First, in French v. Ascent Resources-Utica, LLC, 2023-Ohio-3228 (7th Dist.), the Court of Appeals took an appeal from Ascent regarding the trial court’s summary judgment, finding that several leases on the land of French (and others) had expired. Ascent argued that the leases had been unitized as part of an existing unit, and therefore the leases were properly held beyond the primary term. The court found, however, that while a unitization document had been filed, several of the tracts within the unit were not under the control of Ascent, and there was no relationship between Ascent and the lessees of those lands that would allow the Unit to commence operations as conceived. Because of this, Ascent did not meet the operational requirements under the leases to maintain the leasehold rights beyond the primary terms of the leases. Additionally, the Court found there had been no actual drilling activity on the Unit, as no drilling permit had been issued. Consequently, no operations or production occurred on the Unit including the leases, either. The Court therefore upheld the motion for summary judgment against Ascent.

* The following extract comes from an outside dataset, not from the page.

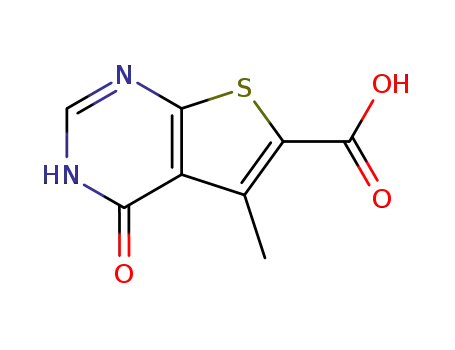 Molecular Structure of 101667-97-4 (5-METHYL-4-OXO-3,4-DIHYDRO-THIENO[2,3-D]PYRIMIDINE-6-CARBOXYLIC ACID)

Second – in Douglas Equipment, Inc. v. EQT Production Company, 2023 WL 5239153 (Pa. Sup. Court August 15, 2023), the Superior Court was confronted with interpreting the language of a deed relating to a reservation of oil and gas rights. The landowners entered into an oil and gas lease in 1994. Importantly, shut-in payments could not be paid for more than 3 years under the terms of the lease. After executing the lease, the same landowners conveyed the land to Holt and Lee, excepting and reserving “all rights, title and interest” in the underlying lease, except for the free gas privilege. The lessee under the 1994 lease made shut-in payments starting in 2008, and apparently never stopped such payments. In 2016, Holt and Lee leased the land to EQT. The 1994 lease was assigned to LOLA Drilling. The successors to the original landowners under the 1994 lease claimed that the 1994 lease remained in full force and effect. Holt and Lee claimed that the 1994 lease had expired three years after production stopped in 2008, despite the ongoing payment of shut-in payments beyond the three-year period as an at-will lease subject to continuation by mutual consent. The trial court granted summary judgment in favor of EQT, and the original landowners appealed. The Superior Court agreed with the trial court, holding that at-will tenancy is a function of traditional landlord and tenant law, which does not apply in the context of an oil and gas lease. Instead, the Superior Court found that the terms of the lease itself govern the relationship between the parties in this instance, unless the same had been modified. Because there was no clear modification of the terms, the lease terms applied. Consequently, following three years of shut-in payments, the 1994 lease expired some time in 2011, resulting in leasing rights reverting to Holt and Lee and that time. This conclusion effectively affirmed the authority of EQT under the EQT lease to act as sole lessee on the property.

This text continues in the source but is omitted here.